■ **Stored data**
BEGIN
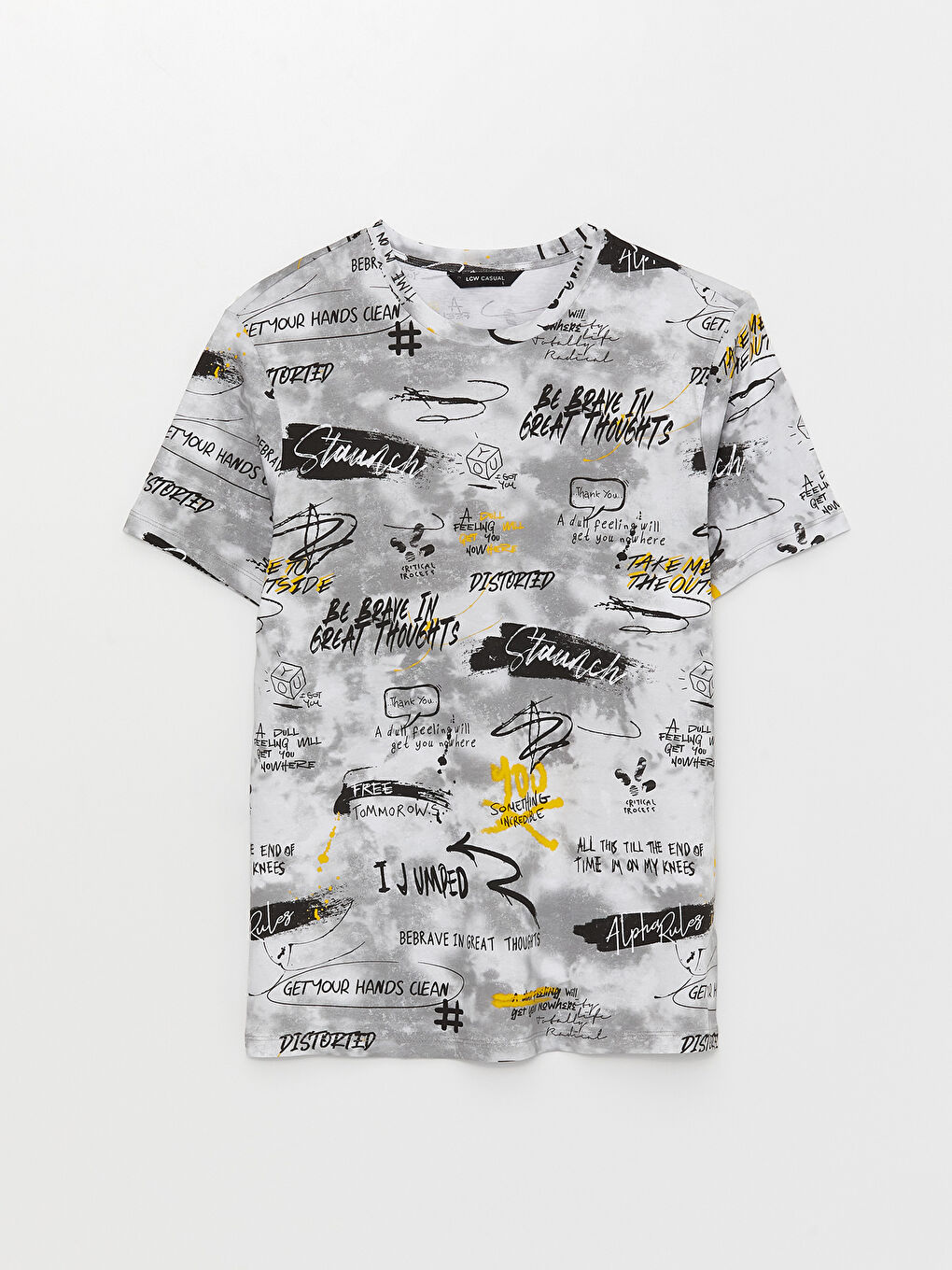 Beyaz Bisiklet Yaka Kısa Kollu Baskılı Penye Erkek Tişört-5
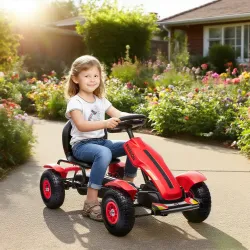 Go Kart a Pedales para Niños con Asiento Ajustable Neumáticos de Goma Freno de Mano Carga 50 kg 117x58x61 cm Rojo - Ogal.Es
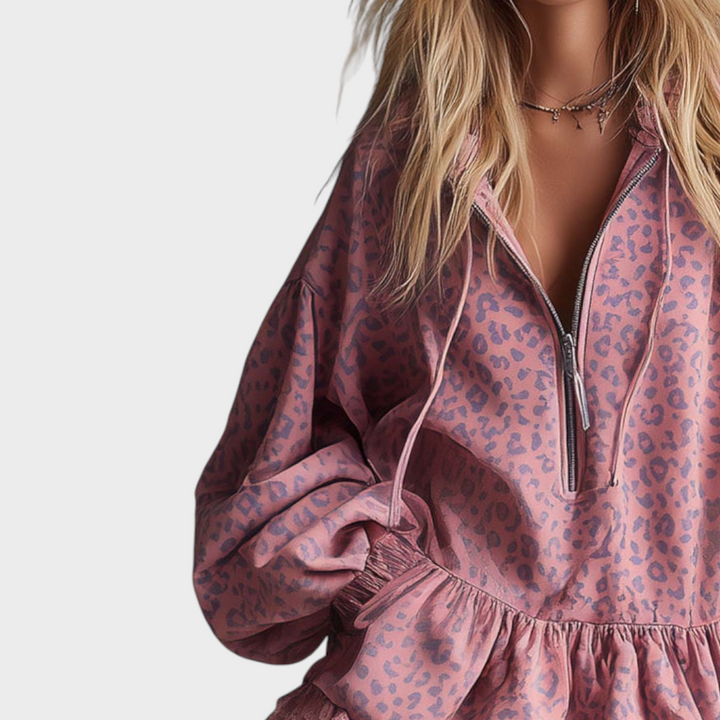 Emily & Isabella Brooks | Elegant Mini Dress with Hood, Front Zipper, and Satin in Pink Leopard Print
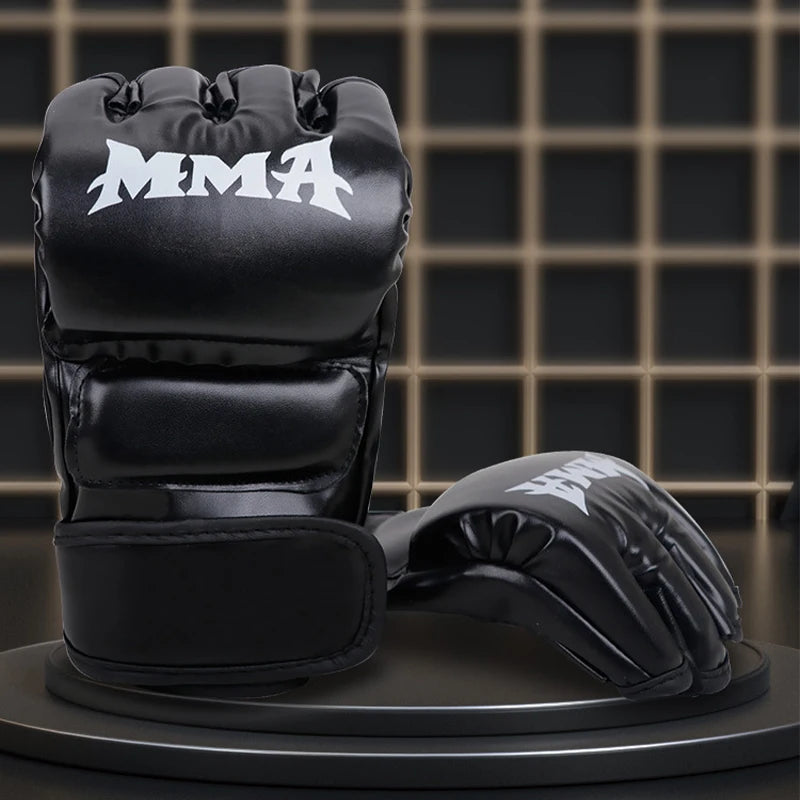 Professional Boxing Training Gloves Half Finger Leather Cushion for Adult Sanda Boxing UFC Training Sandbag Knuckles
END
■ **Problem details**
From the line containing "Go Kart a Pedales" to the end of the data above, give those lines again verbatim, with both endpoints included and no images.

■ **Written response**
 Go Kart a Pedales para Niños con Asiento Ajustable Neumáticos de Goma Freno de Mano Carga 50 kg 117x58x61 cm Rojo - Ogal.Es
 Emily & Isabella Brooks | Elegant Mini Dress with Hood, Front Zipper, and Satin in Pink Leopard Print
 Professional Boxing Training Gloves Half Finger Leather Cushion for Adult Sanda Boxing UFC Training Sandbag Knuckles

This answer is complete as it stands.